Sade Adeniran (12, Nov 2007)
Living the Dream
When Literary Agent Toby Eady developed flu hours before the Women Writer’s Network November meeting it seemed as if the chances of finding a replacement were nil. Then Sade Adeniran, WWN Board member and author of ‘Imagine This’, a novel about a young girl growing up in a small Nigerian village, stepped in to give an inspiring talk on how her novel came to be published. Helen Pearse reports.
Sade Adeniran began writing at a young age as a way of communicating with her emotionally distant father. “I discovered that if I wrote letters to him I could make him listen and get across what I was trying to say more easily than if I spoke directly to him,” she smiles. Her first piece of professional writing came in the form of a play for Radio Four called ‘Memories of a Distant Past’. Then came the novel. Sade began writing ‘Imagine This’ in 1998 whilst working full time as a Marketing Executive. The book took five years to finish. Every year for five years she would take the whole of December off work and write non-stop.

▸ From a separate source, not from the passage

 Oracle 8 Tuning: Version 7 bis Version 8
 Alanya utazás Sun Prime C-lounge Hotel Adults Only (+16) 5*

“Friends and family read the book. I sent it to fifteen agents and about twenty publishers. I always got a response – not an out and out rejection. So I just kept the novel under my bed. And then I realised that I had to live my dream. I quit my job and went to Spanish Writers Retreat for a month to write. It was there that I made the decision to self publish,” Sade explained, “in a sense I approached it as a creative process, not a business enterprise.” Sade bought herself an ISBN for £100 and visited the London Book Fair where she found a printer. It cost her over £2,000 to have 1,100 copies printed. The book began selling through independent bookstores and via Amazon, but Sade cautions against setting the price of a book too low, “my price didn’t factor in postage or the fact that Amazon take 60% of the cover price.”
The book now seems to be taking on a life of it’s own via word of mouth and reviews on the internet. Claire Christian from the Friday Project was very complimentary, and publisher Kirsten Clarke was impressed by a review written by former Waterstones’ buyer, Scott Pack, on his blog. Agents William Morris and Robin Wade have also expressed an interest in representing her. In the meantime Sade has been hard at work giving talks in local libraries and promoting her work world wide. ‘Imagine This’ is being considered as reading material at a University in Nigeria.
Sade is currently working on her second book and to help with getting the word out, is hoping that ‘Imagine This’ gets shortlisted for something. “It was little things that kept me going,” she recalls, “like a friend calling at 3am having finished the book and telling me ‘this is amazing!’ Little things like that make up for everything else.”